#### Problem to solve
Pictures in the data should be dropped; transcribe exactly the lines from the one that has "Foldable Plush Cat Tunnel" through the one that has "5 Pk 3mm Nail".

#### Excerpted records
* * * * * * *
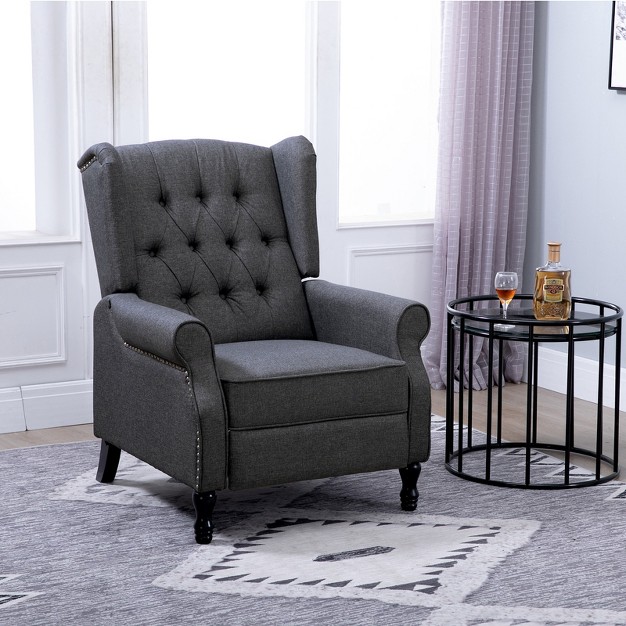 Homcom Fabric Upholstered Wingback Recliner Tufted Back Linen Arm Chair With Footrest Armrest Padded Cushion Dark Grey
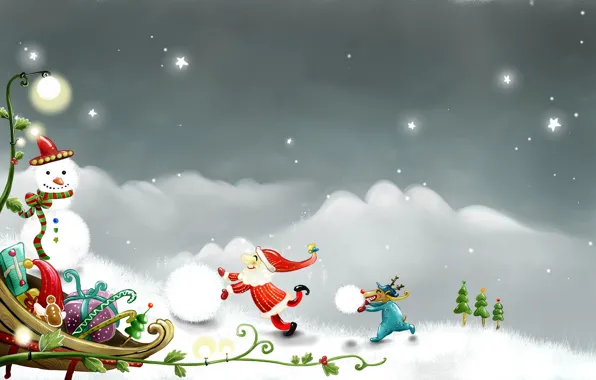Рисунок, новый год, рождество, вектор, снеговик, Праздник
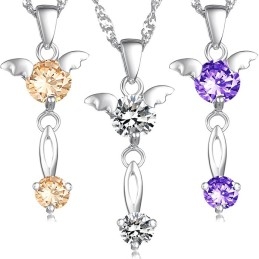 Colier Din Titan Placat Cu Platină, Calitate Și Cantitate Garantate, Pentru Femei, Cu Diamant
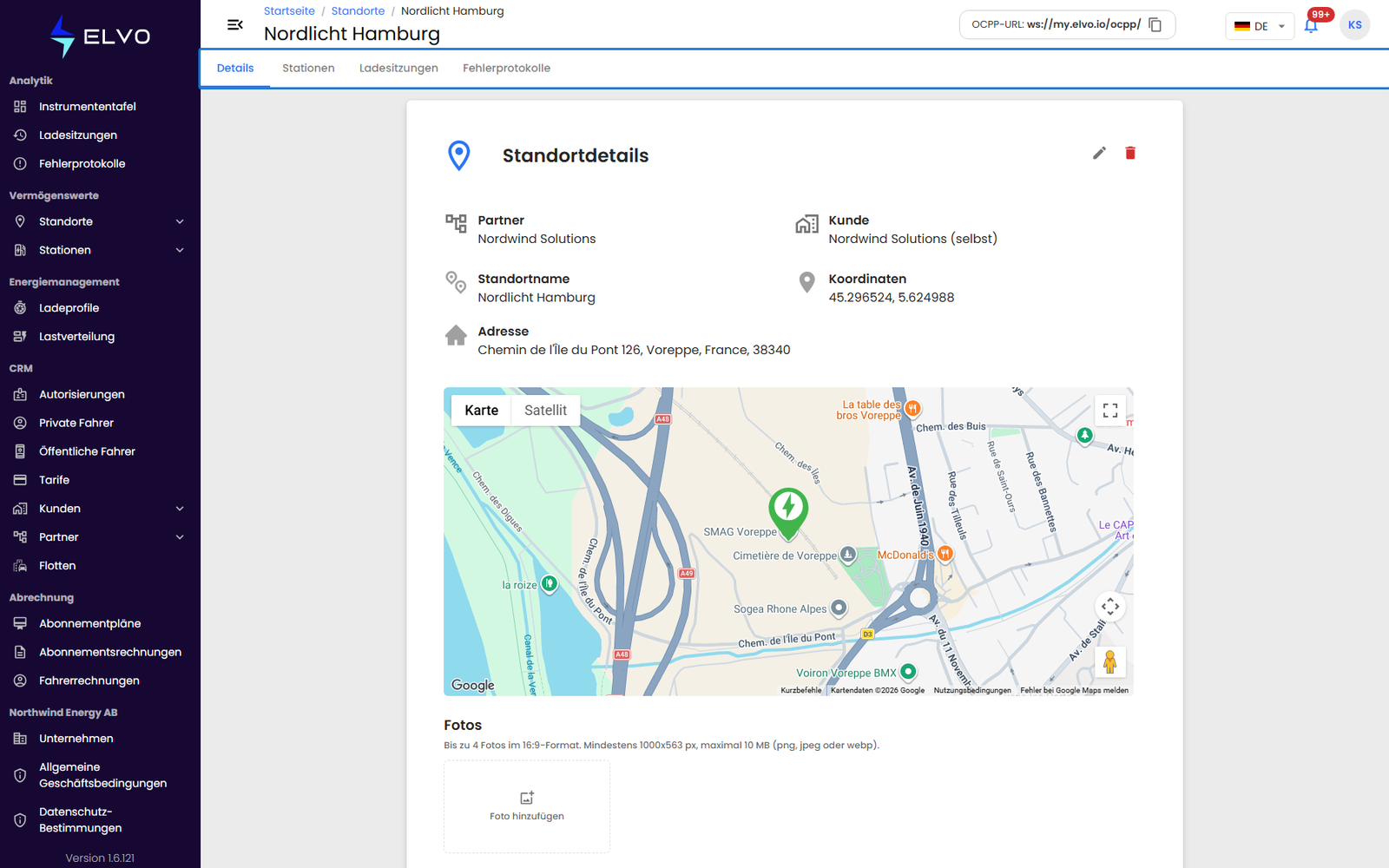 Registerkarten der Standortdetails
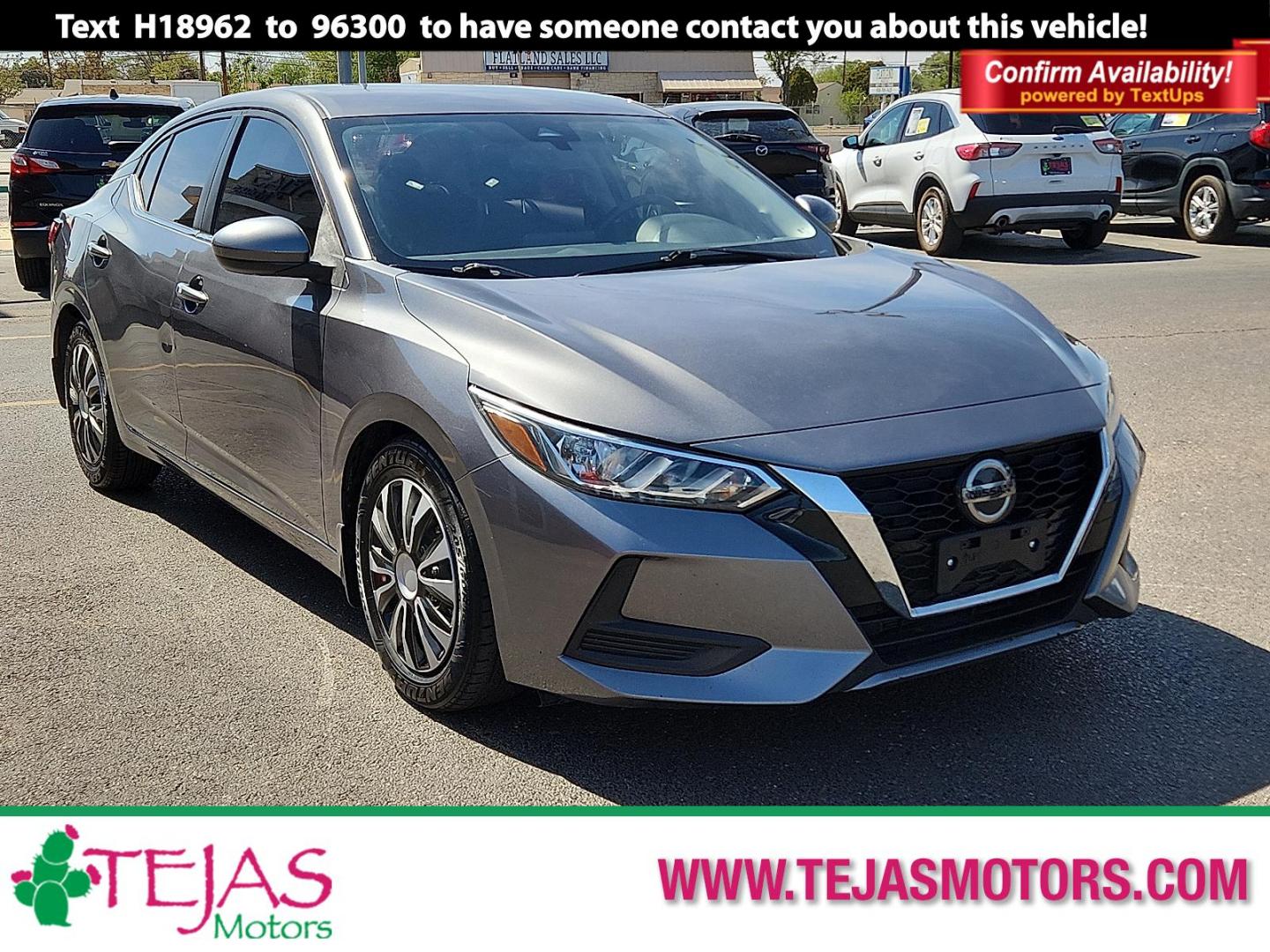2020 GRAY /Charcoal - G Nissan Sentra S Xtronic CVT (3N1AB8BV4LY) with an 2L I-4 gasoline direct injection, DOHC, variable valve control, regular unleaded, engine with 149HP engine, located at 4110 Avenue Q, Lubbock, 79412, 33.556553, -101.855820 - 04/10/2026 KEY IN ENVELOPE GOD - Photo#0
* * * * * * *
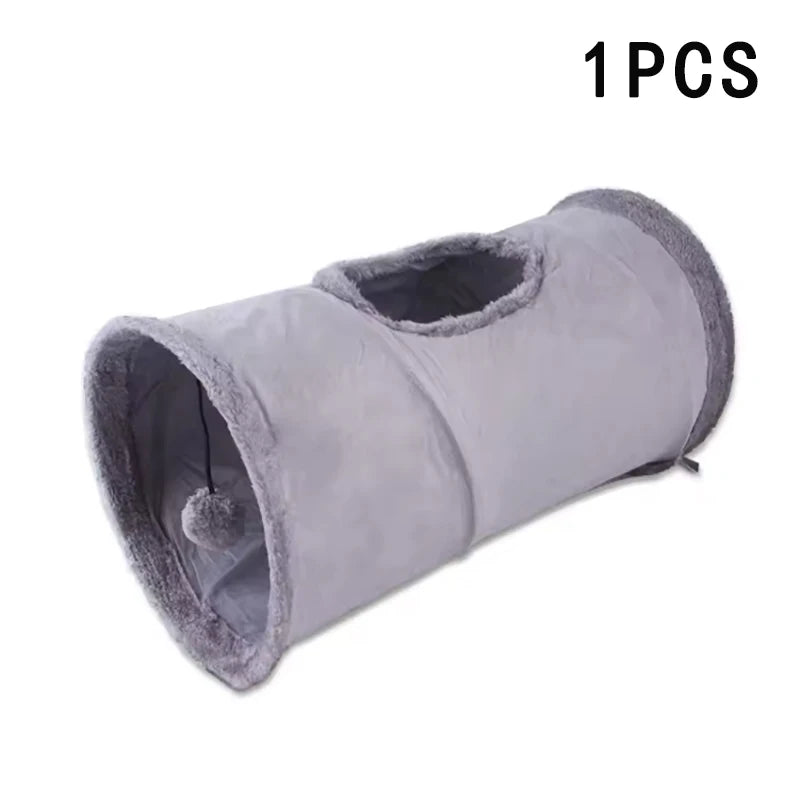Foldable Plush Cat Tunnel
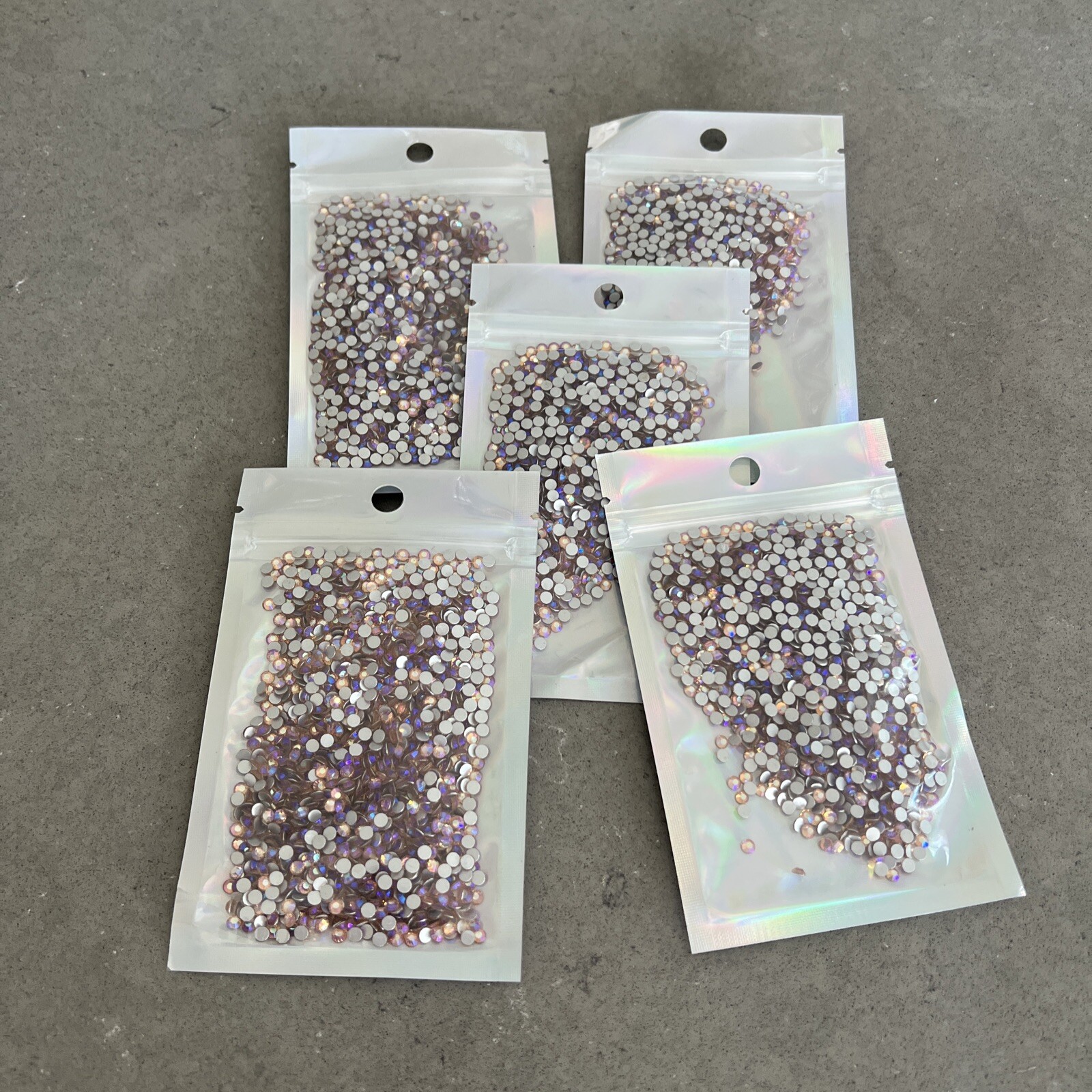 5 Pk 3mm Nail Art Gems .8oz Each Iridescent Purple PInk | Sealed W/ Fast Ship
* * * * * * *
#### Answer for this exercise
Foldable Plush Cat Tunnel
 5 Pk 3mm Nail Art Gems .8oz Each Iridescent Purple PInk | Sealed W/ Fast Ship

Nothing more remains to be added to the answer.